■ Supplied information:
—————

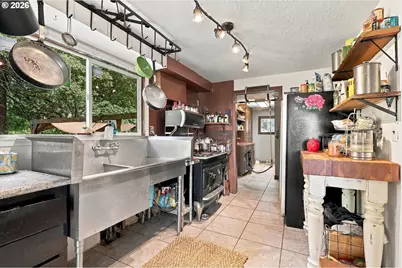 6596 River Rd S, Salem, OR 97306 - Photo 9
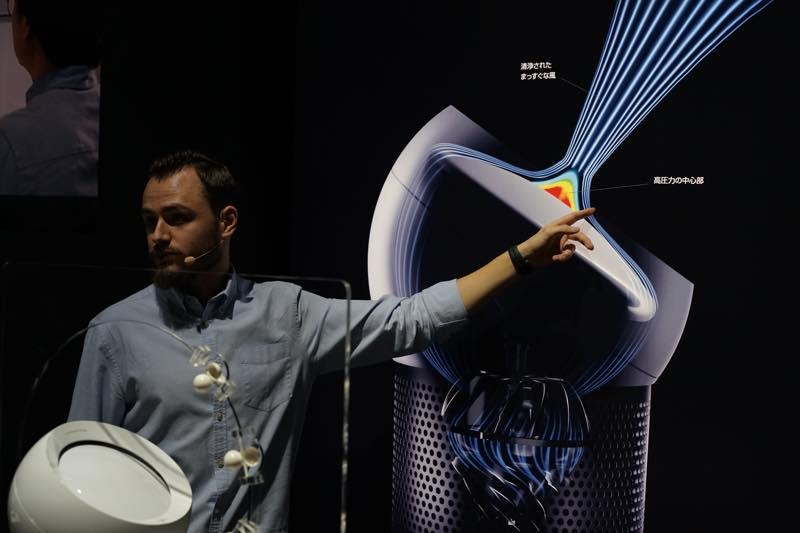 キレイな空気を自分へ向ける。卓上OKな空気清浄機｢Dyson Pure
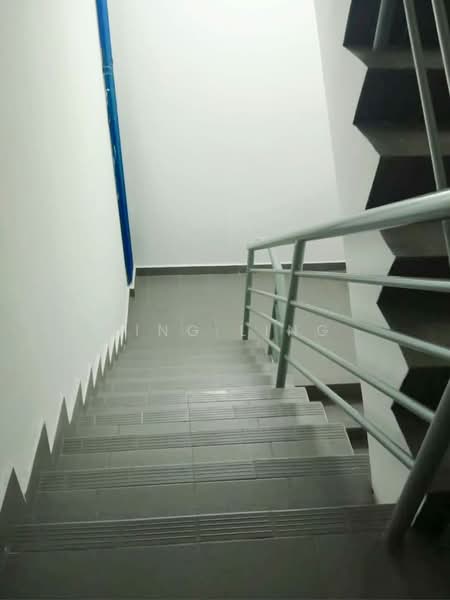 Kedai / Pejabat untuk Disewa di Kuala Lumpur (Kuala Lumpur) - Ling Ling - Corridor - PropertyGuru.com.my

—————

■ Assigned task:
Where the line containing "キレイな空気を自分へ向ける。卓上OKな空気清浄機｢Dyson Pure" appears, begin writing out the lines exactly, and continue through the end of the material above, omitting pictures.

■ Result of this task:
 キレイな空気を自分へ向ける。卓上OKな空気清浄機｢Dyson Pure
 Kedai / Pejabat untuk Disewa di Kuala Lumpur (Kuala Lumpur) - Ling Ling - Corridor - PropertyGuru.com.my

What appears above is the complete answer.